Classically, the instrument was the electroscope, mostly the gold leaf electroscope. It's also possible to make an electroscope with a fine wire probe, which can be scanned across an area to 'read' the charge over it. Like most sensitive charge-reading instruments, the reading process is both destructive (it removes the charge that was there) and also needs resetting after each measurement where charge was found. An electronic electrometer is a more modern version of this, and more convenient.
To see the spatial distribution of the charge, xerography can be used. With a semiconductor-coated metal drum (selenium or a semiconductor doped organic polymer) place a constant charge over the whole surface. Then write on it with light (either laser spot or a reflection of the photocopying target), then dust with a fine pigment powder. Light makes the semiconductor conductive, dissipating the charge through the metal drum. The pigment is attracted to the remaining charge, but only in the unexposed areas. Pressing a sheet of paper over this transfers the pigment, giving an image of the remaining charge, and the pigment can be fixed in place by heat fusing it to the paper. Andy Dingley (talk) 17:26, 18 March 2018 (UTC)
Lots of equipment is used to study a material's surface - there's even a name for the entire field of study: surface physics!
Wikipedia has an article, Surface metrology. I have seen commercial equipment for these purposes, called by any of various generic names: "surface metrology station," "laser metrology machine," "profiling machine," "surface roughness meter," ... and so on. For example, you can purchase a "Panasonic Advanced Metrology System Solution" from your local ... place ... that sells semiconductor fabrication test-equipment. Just don't ask how much it costs. As the promotional literature reminds you, "...what does poor quality really cost?"
Other equipment that can be used to study material surface physics of course includes the conventional optical microscope; the electron microscope in all its forms; the atomic force microscope; the Raman spectrometer; the four point probe; and many other unique and specialized types of equipment.

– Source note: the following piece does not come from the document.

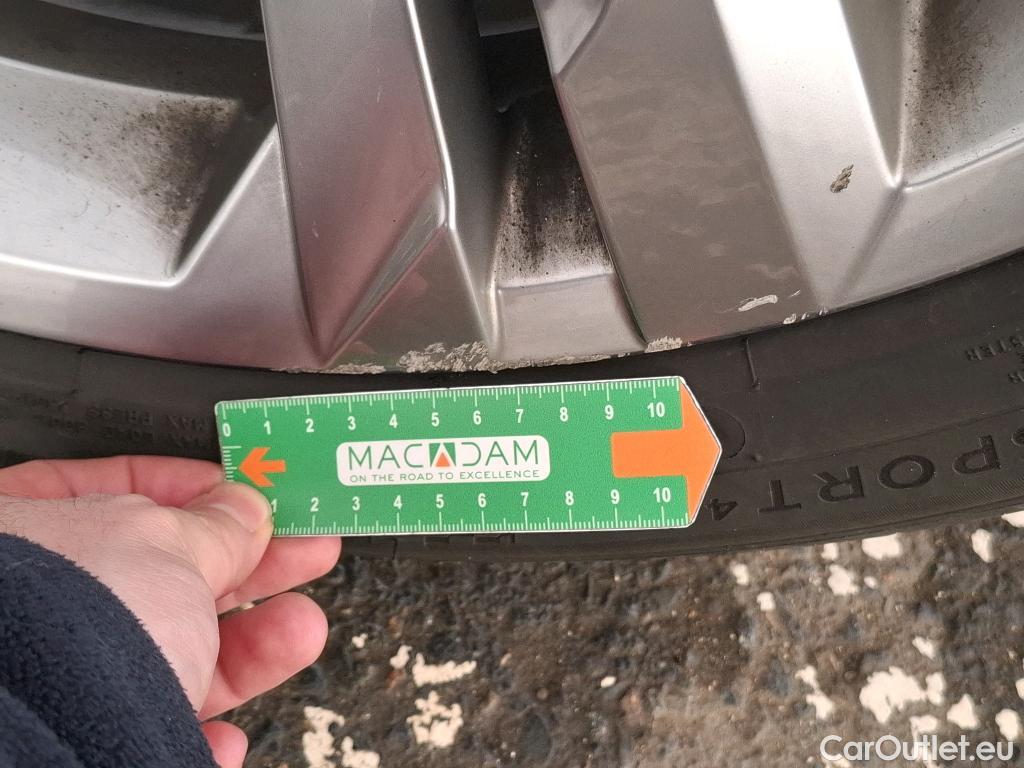  Volkswagen  Tiguan VOLKSWAGEN  / 2020 / 5P / SUV 2.0 TDI 150 DSG7 R-Line #18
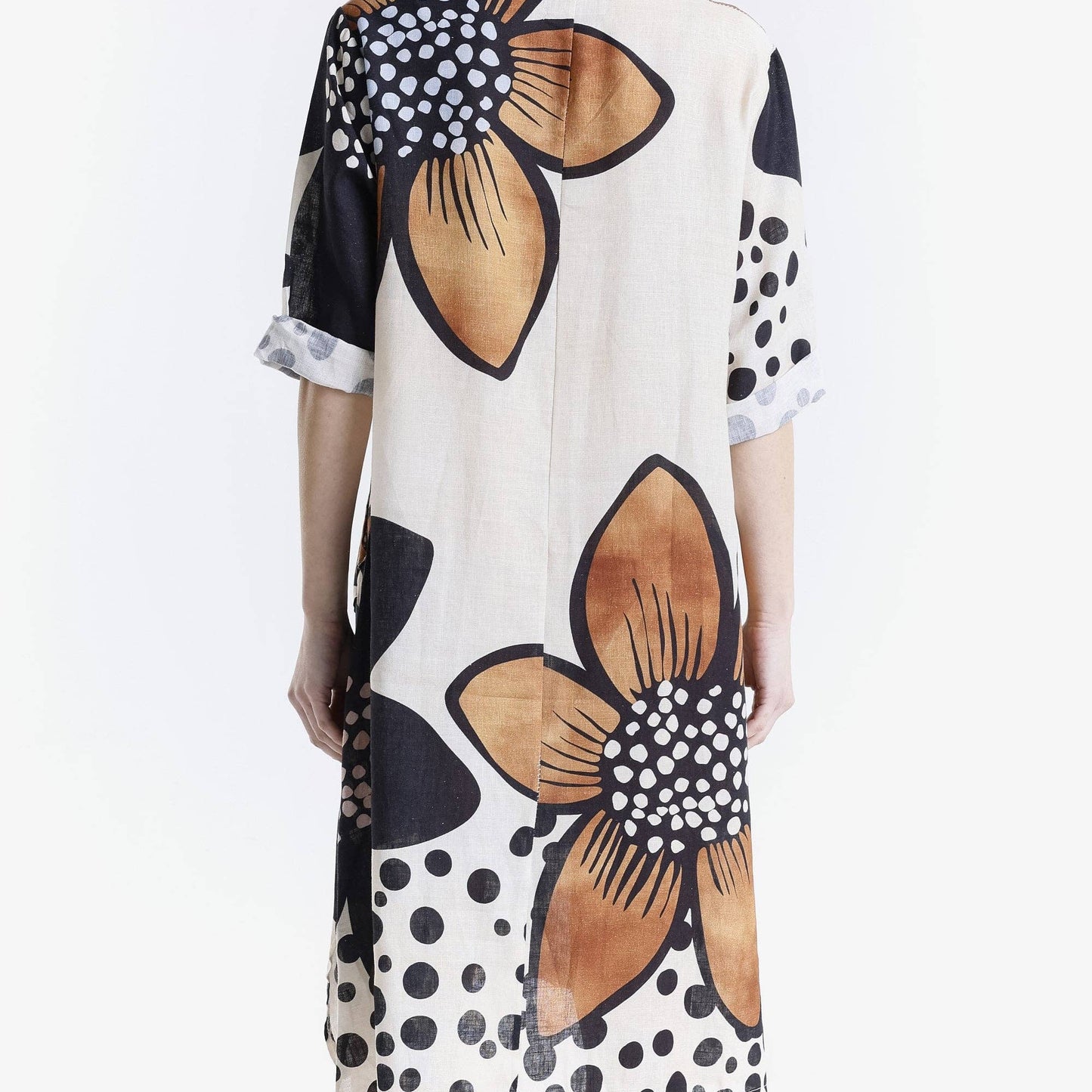 [TINA Stephens Italy/Tees By Tina - April Large Flower Pocket Dress (DSS165L): 095 Black/Brown / One Size], [Dresses], [TINA Stephens Italy/Tees By Tina], [Plum Bottom].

Nimur (talk) 17:59, 18 March 2018 (UTC)
Semi-important nitpick: light only always travels at the same speed in a vacuum. It travels more slowly through a medium, and this is what gives rise to things such as refraction. I'm noting this because it appears to me that "light always travels at the same speed" is a common misconception. More than once I've seen people introduced to things like Cherenkov radiation express confusion because they believe this. -- (talk) 03:01, 20 March 2018 (UTC)
See Ionizing radiation for the cut-off for appreciable effects of photon energies on electrons, broadly speaking. Acroterion (talk) 18:02, 18 March 2018 (UTC)
Well, if you use that term, proceed with caution: while it is true that "ionizing radiation" knocks electrons out of their atomic orbit, even "non-ionizing" radiation can add energy to an electron: as Andy linked above, that is called the photoelectric effect. In some materials, like metals and semiconductors, an energized electron has greater electron mobility and may migrate, even if its "parent atom" is not "ionized." If we're not extremely careful with terminology, we can lead to great confusion: when mobile electrons flow in a crystal lattice, we do not usually say that the individual atoms are "ionized." In detailed study of solid-state crystal lattices, we often use the term electron gas or "free electrons" to describe sufficiently-mobile electrons that are not specifically associated with individual nuclei. Importantly: these electrons and their weakly-associated nuclei are not ionized: the total amount of energy is too low to separate the electrons completely. In specific: there is not enough energy to move the electrons to infinite distance from the material lattice. Broadly speaking, ionizing radiation provides exactly enough energy to move the electrons to an infinite distance from their atomic nuclei: this exact quantity of energy is called the ionization potential. Nimur (talk) 18:17, 18 March 2018 (UTC)
Agreed, that's why I qualified my answer. Since the question was about displacement, as opposed to raising an electron's energy level, it seems relevant if the OP isn't familiar with the concept. Acroterion (talk) 18:20, 18 March 2018 (UTC)
Yes, thank you for the clarification. The key distinction is "how far" the electron can be displaced. Nimur (talk) 18:24, 18 March 2018 (UTC)
Some substances have a very high ionization energy. For example helium and neon. These need vacuum ultraviolet to shift an electron. So normal light does nothing too them and they are transparent. Many other transparent materials will need electromagnetic radiation in the ultraviolet to knock off electrons. Graeme Bartlett (talk) 22:37, 18 March 2018 (UTC)
  • Note that we're operating in the realm of quantum mechanics, where particles have a nonzero probability of escaping from an energy well, even with no boost at all. A boost too small to kick the particle out of the energy well by itself will nevertheless increase this probability. So the basic answer is that when we're dealing with Avogadro's number of particles, pretty much any incident light, regardless of how low its energy is, will increase the number of escaping electrons to some degree. Looie496 (talk) 01:02, 20 March 2018 (UTC)

March 20

Cognitive bias for thinking everything a science field produces is positive?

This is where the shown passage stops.